Pilkey’s teachers didn’t know what to do with him and found him too disruptive in the classroom, so they put a desk out in the hallway and just left him there for long periods of time. And that’s when he started drawing and writing stories. In addition to Captain Underpants, he has several other series. Some of my son’s favorite books when he was very little were the Dragon books, about a dragon who doesn’t quite “get” a lot of things going on around him socially but who always comes out on top.
The Captain Underpants books have been subject to censorship for as long as I can remember.
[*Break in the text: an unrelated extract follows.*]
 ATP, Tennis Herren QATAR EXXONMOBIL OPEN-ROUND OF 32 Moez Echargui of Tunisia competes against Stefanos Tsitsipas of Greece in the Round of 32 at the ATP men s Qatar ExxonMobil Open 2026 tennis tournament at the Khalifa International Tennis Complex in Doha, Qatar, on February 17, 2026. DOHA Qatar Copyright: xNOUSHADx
Before I had a hyperactive son who needed entertaining, I was sure that books with titles like “Captain Underpants and the Attack of the Talking Toilets” were clear signs of the collapse of civilization as we know it. Then I had Dr. Cooper and I had to learn to adjust all of my thinking about the differences between what boy children and girl children find entertaining and what constitutes a good book (answer: any book a kid wants to read as long as it doesn’t involve violence and mistreatment of others).
I assume the Captain Underpants books are frequently censored because of the mild “potty humor” – at least officially. Unofficially, I suspect many people want the books to go away because they are really quite subversive and might encourage kids to disrespect authority figures and behave in disruptive ways. But I’ve always kind of liked people who question authority, and I think learning not to be a submissive cog in the corporate machine starts pretty early in life. And maybe it starts with reading books like this.